Hub Fans Bid Kid Adieu, John Updike's classic on Ted Williams. Pretty much as close to "any other famous stories that would be great to read out loud" as you can get for a Red Sox fan.
posted by Snarl Furillo at 3:31 PM on October 2, 2011 [1 favorite]

Seconding The Glory of Their Times.
posted by dfan at 3:37 PM on October 2, 2011

Please find a copy of "Fridays with Red: A Radio Friendship". The stories themselves are great and, iirc, they are mostly transcripts of conversations between Red Barber and now-former NPR host Bob Edwards.

From the editorial reviews: "Red Barber, who made his reputation as a baseball broadcaster in Cincinnati, Brooklyn and the Bronx, spent the years from 1980 until his death in 1992 at age 84 doing five-minute spots on National Public Radio's "Morning Edition" with Edwards.
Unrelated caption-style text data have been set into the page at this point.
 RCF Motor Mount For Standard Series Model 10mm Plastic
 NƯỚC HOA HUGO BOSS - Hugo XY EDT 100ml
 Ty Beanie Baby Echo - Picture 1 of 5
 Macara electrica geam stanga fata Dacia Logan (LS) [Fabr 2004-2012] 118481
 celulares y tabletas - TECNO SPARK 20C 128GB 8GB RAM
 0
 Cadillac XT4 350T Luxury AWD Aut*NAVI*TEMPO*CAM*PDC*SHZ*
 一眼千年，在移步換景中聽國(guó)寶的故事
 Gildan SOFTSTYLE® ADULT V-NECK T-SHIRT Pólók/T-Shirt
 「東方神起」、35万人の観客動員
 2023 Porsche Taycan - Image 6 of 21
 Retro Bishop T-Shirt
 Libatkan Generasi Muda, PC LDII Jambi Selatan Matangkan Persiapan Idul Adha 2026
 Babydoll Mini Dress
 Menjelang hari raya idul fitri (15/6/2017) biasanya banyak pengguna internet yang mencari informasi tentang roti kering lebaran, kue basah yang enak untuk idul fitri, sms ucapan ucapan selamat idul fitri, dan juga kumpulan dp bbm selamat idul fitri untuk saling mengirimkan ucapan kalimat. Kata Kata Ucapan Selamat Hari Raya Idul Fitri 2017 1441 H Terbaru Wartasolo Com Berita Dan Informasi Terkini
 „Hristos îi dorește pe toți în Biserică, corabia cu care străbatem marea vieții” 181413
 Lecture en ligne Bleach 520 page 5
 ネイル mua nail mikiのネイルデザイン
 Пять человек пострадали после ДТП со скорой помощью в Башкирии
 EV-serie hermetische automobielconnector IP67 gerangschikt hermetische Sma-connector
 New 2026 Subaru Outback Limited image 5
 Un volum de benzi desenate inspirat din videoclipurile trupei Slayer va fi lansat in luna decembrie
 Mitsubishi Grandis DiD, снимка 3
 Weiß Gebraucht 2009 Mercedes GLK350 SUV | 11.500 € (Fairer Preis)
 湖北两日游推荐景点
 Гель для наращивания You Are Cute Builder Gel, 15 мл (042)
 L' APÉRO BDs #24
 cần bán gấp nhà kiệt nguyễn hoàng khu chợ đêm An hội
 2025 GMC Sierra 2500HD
This affecting reminiscence is a chronicle of those years, with excerpts from tapes of the show about sports, flowers, cats (Barber was an unregenerate ailurophile) and religion (he was a lay reader in the Episcopal Church, authorized to preach sermons). It is also the account of the friendship that developed between the two men and of a mentor who taught his protege by example. The author includes tales of Barber's glory days and his association with figures from Jackie Robinson and Pee Wee Reese to Ethel Merman and Ethel Barrymore, and goes on to his battles against deafness, blindness and the progression of his beloved wife's Alzheimer's disease. "
posted by MonkeyToes at 3:37 PM on October 2, 2011

Stephen King reads his own non-fiction baseball essay (about his son's trip to the Little League State Championship) called "Head Down" on the Nightmares and Dreamscapes audiobook. Finding the original source text and reading it to him or playing it from the audiobook would be great. It is really gripping stuff.
posted by dgeiser13 at 3:53 PM on October 2, 2011

There is a yearly anthology series: Best American Sports Writing.
posted by maurreen at 3:54 PM on October 2, 2011

I think you should help him keep up to date. The Rays journey to the playoffs is pretty awesome!
posted by Ideefixe at 5:48 PM on October 2, 2011

Just about anything by the great Roger Angell, but two with special appeal to Sox fans:

A New Yorker piece, The Web of the Game. Angell visits the legendary Red Sox ace Smokey Joe Wood near the end of his life. They sat in the stands to watch a college game that itself turned into a legend. Ron Darling of Yale pitched 11 no-hit innings, but lost 1-0 to Frank Viola.

The chapter on the 1975 season in Five Seasons is excellent. This piece is also anthologized here, where you'll find many other stories you may wish to consider as well.
posted by Right On Red at 5:54 PM on October 2, 2011

I seem to remember hall of fame speeches being available to stream online for free. He might enjoy those.
posted by 4ster at 6:01 PM on October 2, 2011

Sports illustrated does often have some really good articles, so you could for sure check out some back issues from the library. Grant land also has some good stuff. Actually, check the blue for lots of good stuff.
posted by dpx.mfx at 6:08 PM on October 2, 2011

Every issue of Sports Illustrated seems to have one good long historical sports article toward the back. (I occasionally record this magazine for broadcast for the blind/visually impaired; with only 56 minutes I can never fit the historical article in, which is a shame because they often look pretty interesting.) I would start there.
posted by tomboko at 6:29 PM on October 2, 2011

I read Wodehouse to my father. A big win if he is with it and likes golf, or just hilarity. Also, Thurber, if you are willing to push it beyond sports.
posted by Clyde Mnestra at 6:38 PM on October 2, 2011 is a site that has tons of sports writing on it, handpicked by their editors. Most of them are current but there are also lots of older stories. The articles range in length and you if you use Read It Later or Instapaper it works with those.